**ABOUT THIS TASK:** Pictures in the records below must be left out. Return exactly the lines from the line with "Folienballon 16. Geburtstag" to the line with "Vista 3 de Soporte", both included.

**DATA FOR THIS EXERCISE:**
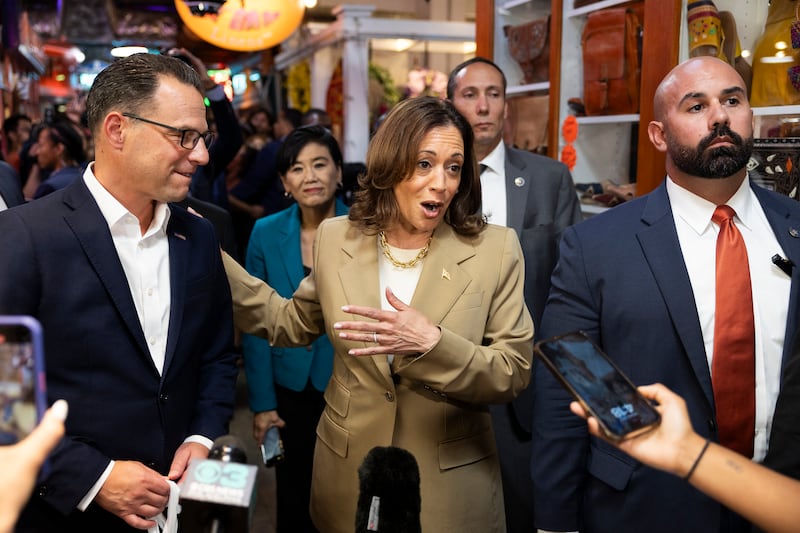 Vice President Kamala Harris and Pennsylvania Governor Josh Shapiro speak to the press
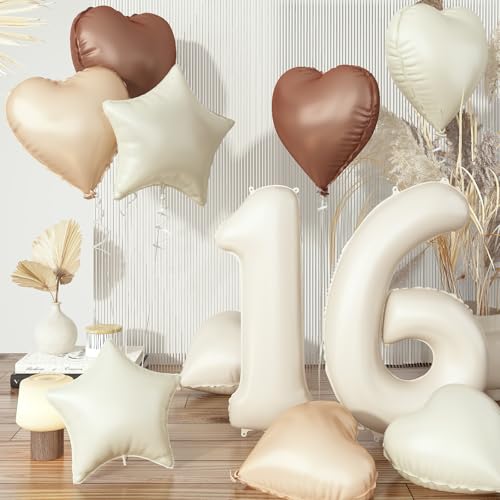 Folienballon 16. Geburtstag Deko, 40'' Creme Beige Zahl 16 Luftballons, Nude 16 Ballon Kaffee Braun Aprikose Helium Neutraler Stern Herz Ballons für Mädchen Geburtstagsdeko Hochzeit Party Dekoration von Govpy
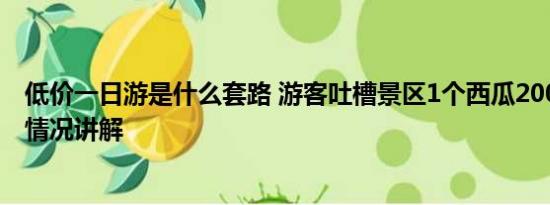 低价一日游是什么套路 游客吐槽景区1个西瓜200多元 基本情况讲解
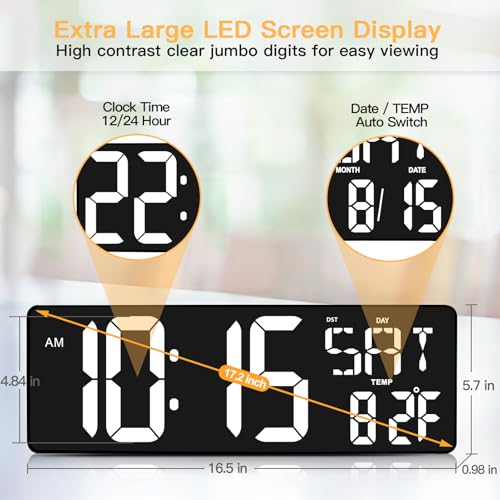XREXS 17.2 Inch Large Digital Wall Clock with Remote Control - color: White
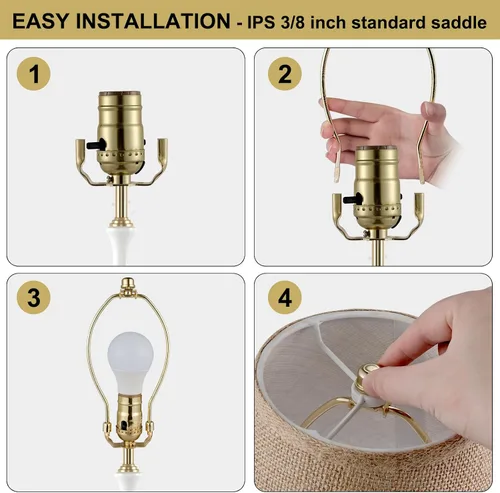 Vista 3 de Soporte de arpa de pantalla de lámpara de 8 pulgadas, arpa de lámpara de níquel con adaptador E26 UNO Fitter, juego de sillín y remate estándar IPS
--
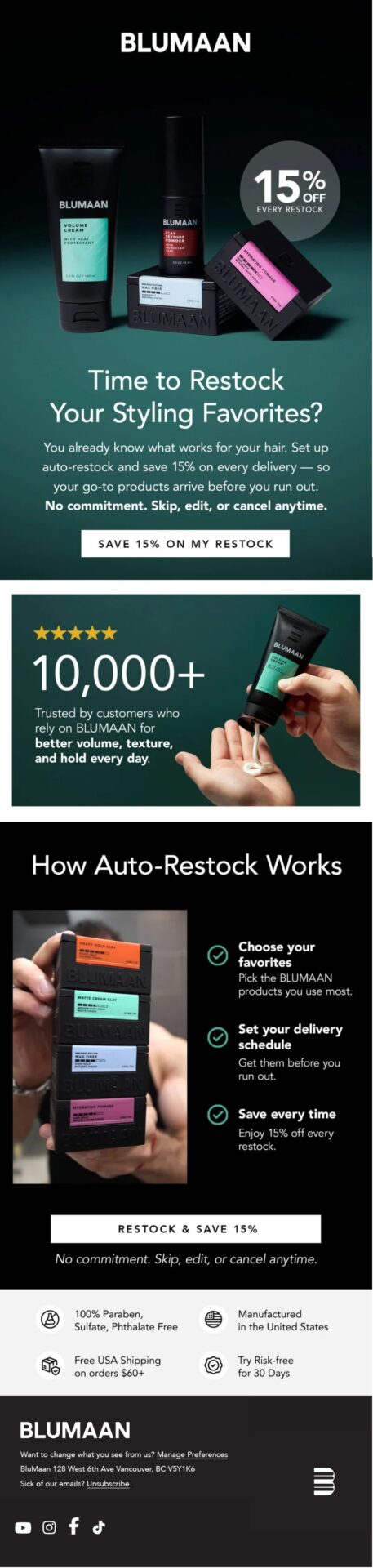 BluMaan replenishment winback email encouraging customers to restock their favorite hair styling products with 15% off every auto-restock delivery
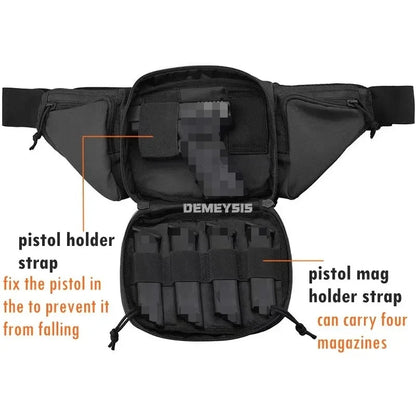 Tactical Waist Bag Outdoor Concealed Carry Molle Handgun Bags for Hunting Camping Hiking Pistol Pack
==
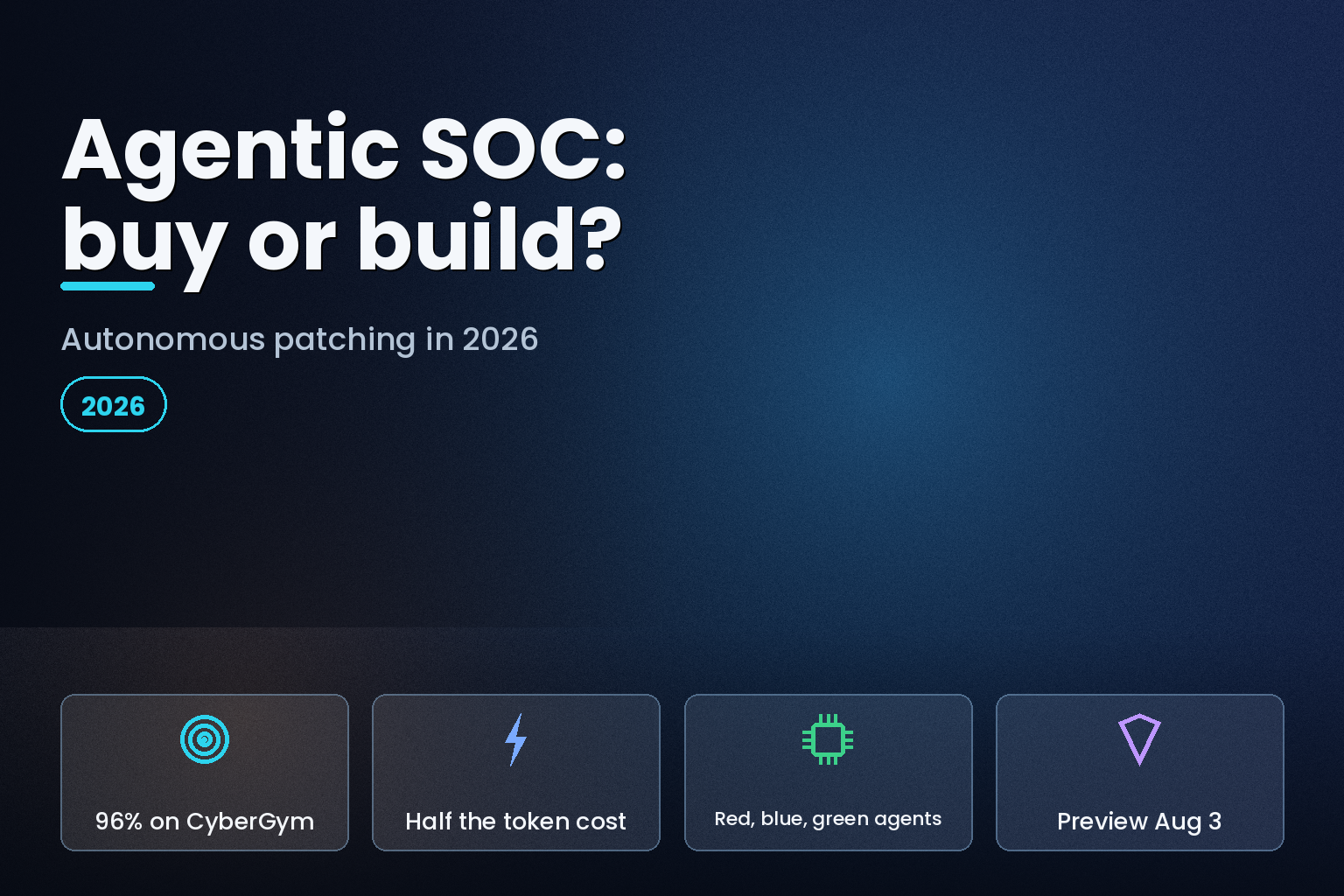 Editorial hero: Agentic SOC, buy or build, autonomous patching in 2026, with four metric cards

**OUTPUT OF THE EXERCISE:**
 Folienballon 16. Geburtstag Deko, 40'' Creme Beige Zahl 16 Luftballons, Nude 16 Ballon Kaffee Braun Aprikose Helium Neutraler Stern Herz Ballons für Mädchen Geburtstagsdeko Hochzeit Party Dekoration von Govpy
 低价一日游是什么套路 游客吐槽景区1个西瓜200多元 基本情况讲解
XREXS 17.2 Inch Large Digital Wall Clock with Remote Control - color: White
 Vista 3 de Soporte de arpa de pantalla de lámpara de 8 pulgadas, arpa de lámpara de níquel con adaptador E26 UNO Fitter, juego de sillín y remate estándar IPS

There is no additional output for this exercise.